8th European Conference on Speech Communication and Technology

Geneva, Switzerland
September 1-4, 2003


Large Corpus Experiments for Broadcast News Recognition

Patrick Nguyen, Luca Rigazio, Jean-Claude Junqua

Panasonic Speech Technology Laboratory, USA

This paper investigates the use of a large corpus for the training of a Broadcast News speech recognizer. A vast body of speech recognition algorithms and mathematical machinery is aimed at smoothing estimates toward accurate modeling with scant amounts of data. In most cases, this research is motivated by a real need for more data. In Broadcast News, however, a large corpus is already available to all LDC members. Until recently, it has not been considered for acoustic training.

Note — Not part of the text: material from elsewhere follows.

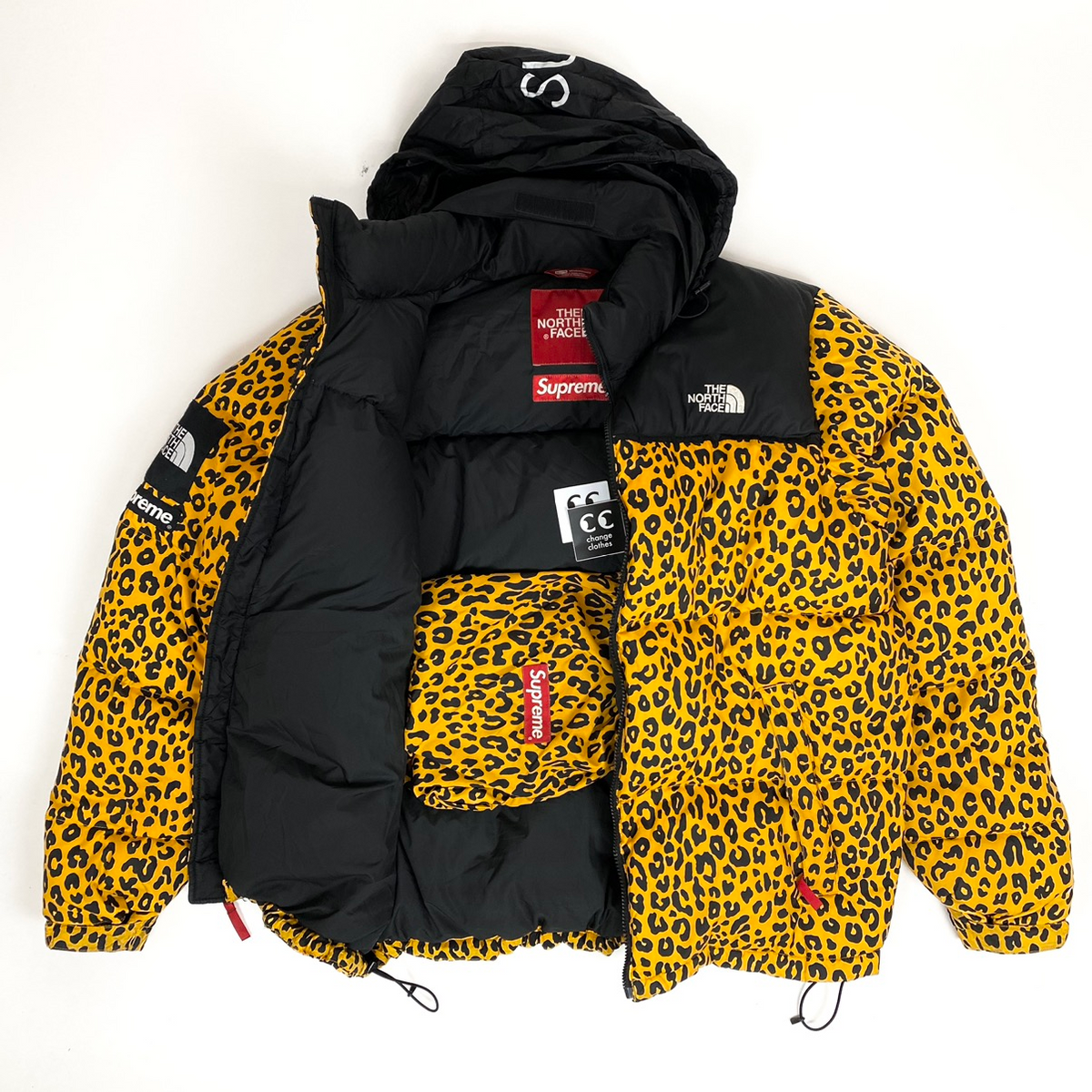 supreme // the north face leopard nuptse jacket – change clothes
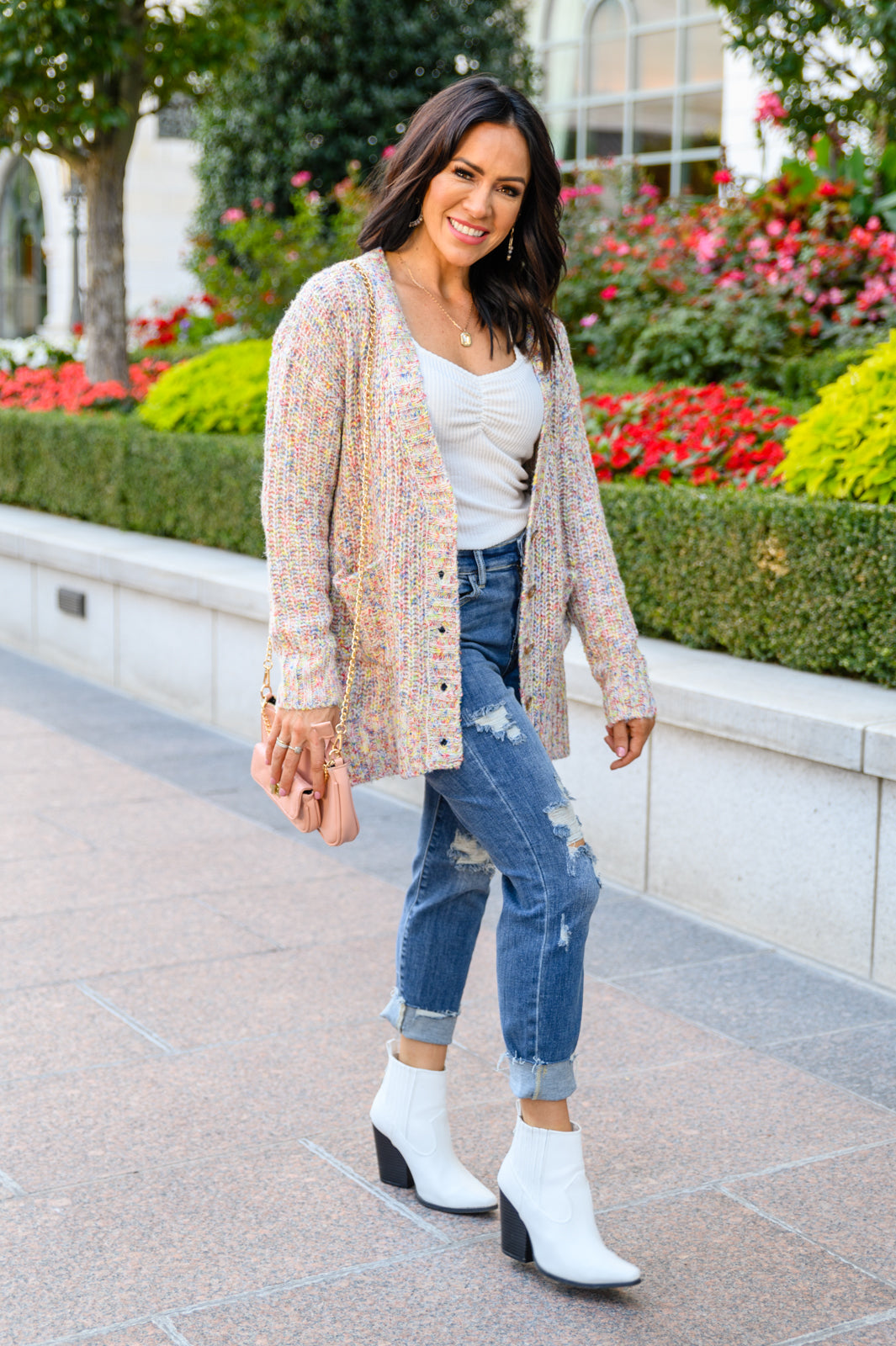 True Feelings Multi Color Mixed Thread Cardigan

We would like to pioneer the use of the largest speech corpus (1200h) available for the purpose of acoustic training of speech recognition systems. To the best of our knowledge it is the largest scale acoustic training ever considered in speech recognition. We obtain a performance improvement of 1.5% absolute WER over our best standard (200h) training.

Full Paper

Bibliographic reference.  Nguyen, Patrick / Rigazio, Luca / Junqua, Jean-Claude (2003): "Large corpus experiments for broadcast news recognition", In EUROSPEECH-2003, 1837-1840.